Email is inflexible, old-fashioned, and there’s way too much of it. The average person now receives more than 100 emails per day, and the average corporate employee receives more than 200. In total, Google counted 24,000 mentions of “email overload” last year.
Unwanted email continues to be a major problem for many businesses and their employees. Some companies have even gone so far as to ban email internally.
But replacing email has proven to be more difficult than expected. Several apps have been introduced in an attempt to send email to its grave, but few have caught on or been adopted widely.

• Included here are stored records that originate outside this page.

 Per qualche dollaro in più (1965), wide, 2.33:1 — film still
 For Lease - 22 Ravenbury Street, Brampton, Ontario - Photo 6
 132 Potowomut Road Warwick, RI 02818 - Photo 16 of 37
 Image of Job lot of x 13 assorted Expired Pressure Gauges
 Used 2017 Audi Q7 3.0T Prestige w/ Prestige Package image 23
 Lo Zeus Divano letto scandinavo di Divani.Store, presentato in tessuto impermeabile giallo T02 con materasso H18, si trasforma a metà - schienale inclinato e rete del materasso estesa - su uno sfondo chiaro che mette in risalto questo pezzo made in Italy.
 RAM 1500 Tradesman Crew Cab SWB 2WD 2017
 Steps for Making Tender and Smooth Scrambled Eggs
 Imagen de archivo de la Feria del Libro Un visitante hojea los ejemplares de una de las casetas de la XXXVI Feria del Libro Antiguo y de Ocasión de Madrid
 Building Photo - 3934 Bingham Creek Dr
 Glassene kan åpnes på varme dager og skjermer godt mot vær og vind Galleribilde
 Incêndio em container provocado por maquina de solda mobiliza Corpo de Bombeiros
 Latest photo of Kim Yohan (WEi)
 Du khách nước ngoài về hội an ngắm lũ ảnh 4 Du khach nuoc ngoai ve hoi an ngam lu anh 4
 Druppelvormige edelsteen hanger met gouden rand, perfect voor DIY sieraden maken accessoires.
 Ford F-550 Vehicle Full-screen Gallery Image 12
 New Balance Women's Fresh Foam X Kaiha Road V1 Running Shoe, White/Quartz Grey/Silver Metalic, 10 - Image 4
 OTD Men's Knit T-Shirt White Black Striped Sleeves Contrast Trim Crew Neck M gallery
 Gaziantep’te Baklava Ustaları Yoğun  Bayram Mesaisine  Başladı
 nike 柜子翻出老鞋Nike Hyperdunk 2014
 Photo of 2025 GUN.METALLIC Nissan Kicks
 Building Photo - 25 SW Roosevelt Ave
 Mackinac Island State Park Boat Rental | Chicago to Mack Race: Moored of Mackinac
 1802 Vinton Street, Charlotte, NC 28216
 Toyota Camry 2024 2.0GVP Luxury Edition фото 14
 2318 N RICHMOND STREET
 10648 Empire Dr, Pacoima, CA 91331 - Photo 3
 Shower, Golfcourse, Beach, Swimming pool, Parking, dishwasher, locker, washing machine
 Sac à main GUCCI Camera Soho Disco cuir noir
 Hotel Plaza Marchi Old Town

In 2014, an app called Slack made a bid to takeover email, and actually made good headway. At one point, more than 125,000 people reportedly adopted it, including teams at companies as large as eBay, Sony, Yelp and NBCUniversal. But a year later, there isn't much buzz around Slack on a wide scale. Several other apps have made similar promises to replace email with simpler and more convenient modes of communication, but then faded away.
Microsoft to the rescue?
Microsoft’s introduction of the Send app last week is interesting. Perhaps it will take a heavyweight like Microsoft to make real headway when it comes to replacing email. The Send app is designed to let workers send quick, brief messages while forgoing subject lines and signatures. The aim is to make conversations fast and fluid, the company said.
"With Send, there are no signatures, subject lines or salutations required," Microsoft's Outlook team explained in a July 22 blog post. "Our design principle for the app was to make conversations fast and fluid while keeping the people who are important to you at its core."
Email still #1?
The fact that Microsoft is now getting into the mix may signal that email is far from over. The fact is, email is good at what it does, and some experts say it is still truly the best technology for most business communications.
For example, the social collaboration tools introduced to replace email so far have provided no means of working with attachments or archiving messages. Most companies require messages to be stored — both for legal and internal reference needs — and old-fashioned email handles this easily.
While CIOs may be overwhelmed with managing all those email boxes, replacing email with instant messaging or a social tool would still require the IT department to set up and manage those accounts. Finally, replacing email with a social collaboration tool likely won’t reduce the main complaint most users have about email: messaging overload. More likely, it will just move the overload to a different spot.
The truth is, most complaints aren’t truly about email, but about communications of any sort. Today, employees have more contacts to manage, and that means more communication. Email may be dated and inflexible, but emerging communication protocols — while they may be more streamlined and slick — aren’t likely to solve the ongoing problem of communication overload.